**WORK REQUEST**
From the line that contains "Яйца достать из" to the final line of the records below, print each line exactly and leave every picture out.

**DATASET EXTRACT**
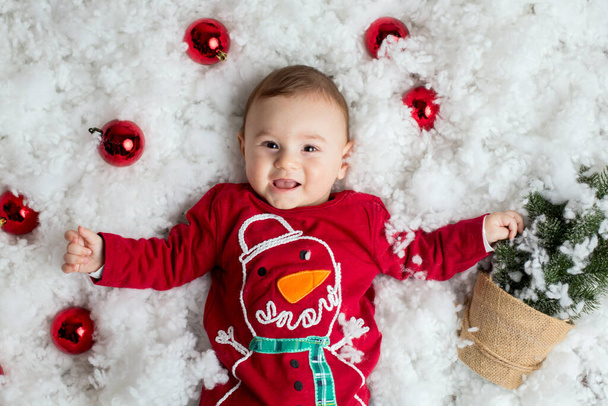 Милый маленький мальчик с рождественскими украшениями, играющий в снегу - Фото, изображение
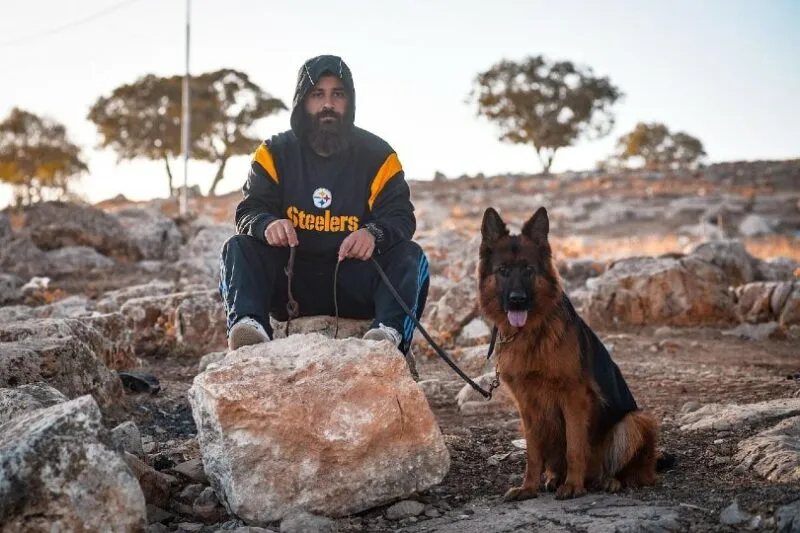 dog owner with his pet german shepherd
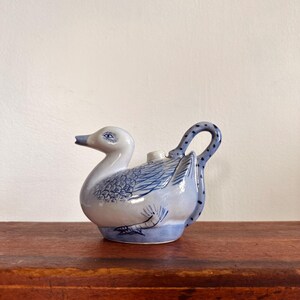 May include: A ceramic teapot shaped like a swan, with a white body and blue wing and tail details. The handle is a curved blue design. The spout is a small beak. The teapot sits on a blue base.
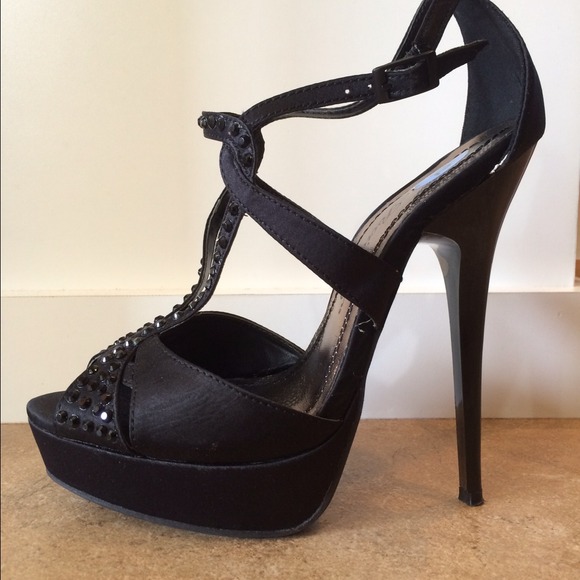 Black 5-6" platform high heels.
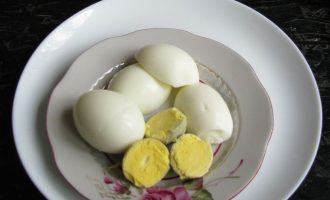 Яйца достать из холодильника, дать постоять при комнатной температуре (чтобы потом при варке не лопнули), промыть в слегка тепленькой воде и отварить вкрутую. Достаточно варить их после закипания воды 10 минут.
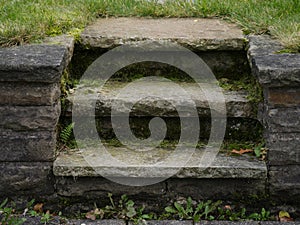 Short stairs  in quarrystone with weeds overgrown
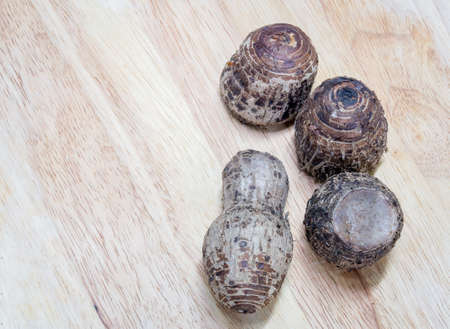 cooked taros with rough shell on wood blockの写真素材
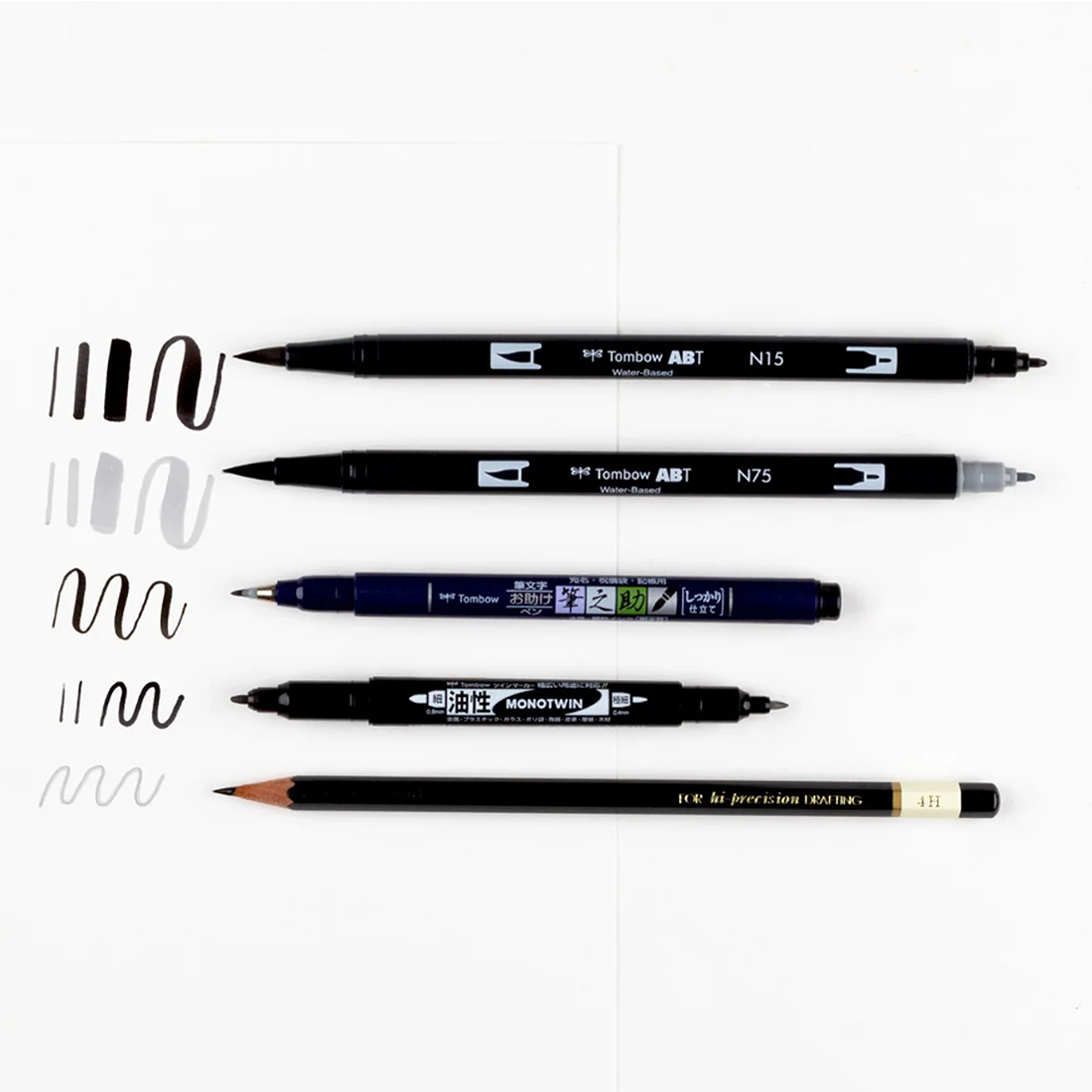 Set of Tombow art supplies including markers and a pencil on a white background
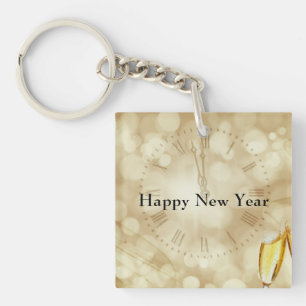 Porte-clés La Saint-Sylvestre avec des verres de champagne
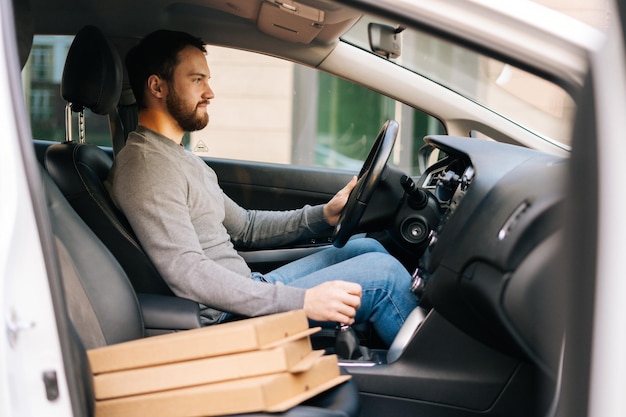 Side view of bearded delivery man wearing casual clothes driving car delivered hot pizza to customer. Concept of fast online delivery around the city.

**TASK OUTPUT**
 Яйца достать из холодильника, дать постоять при комнатной температуре (чтобы потом при варке не лопнули), промыть в слегка тепленькой воде и отварить вкрутую. Достаточно варить их после закипания воды 10 минут.
 Short stairs  in quarrystone with weeds overgrown
 cooked taros with rough shell on wood blockの写真素材
 Set of Tombow art supplies including markers and a pencil on a white background
 Porte-clés La Saint-Sylvestre avec des verres de champagne
 Side view of bearded delivery man wearing casual clothes driving car delivered hot pizza to customer. Concept of fast online delivery around the city.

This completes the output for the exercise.